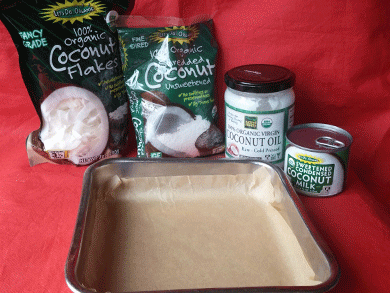 Organic Coconut Oil Recipe
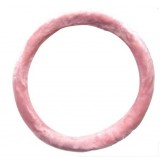 AUTOLIFE Plüss kormányvédő - pink - 37-39cm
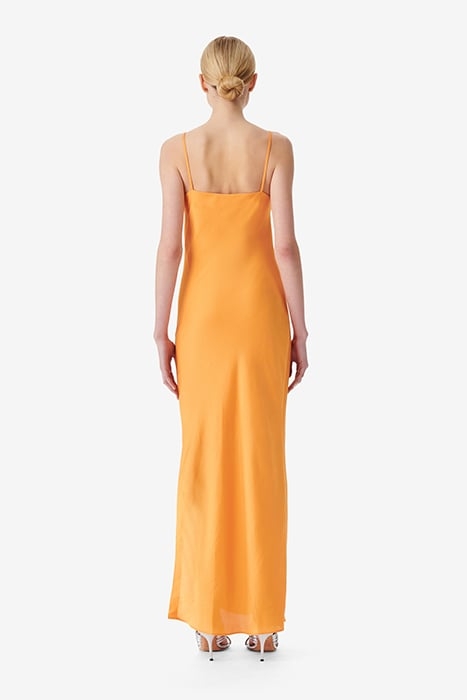 LUZA MAXI DRESS IN ORANGE 2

• • • •

Exercise prompt = Your reply should consist solely of the lines from the one containing "AUTOLIFE Plüss kormányvédő - pink - 37-39cm" through the last line of the material, reproduced exactly and without pictures.

Result =
 AUTOLIFE Plüss kormányvédő - pink - 37-39cm
 LUZA MAXI DRESS IN ORANGE 2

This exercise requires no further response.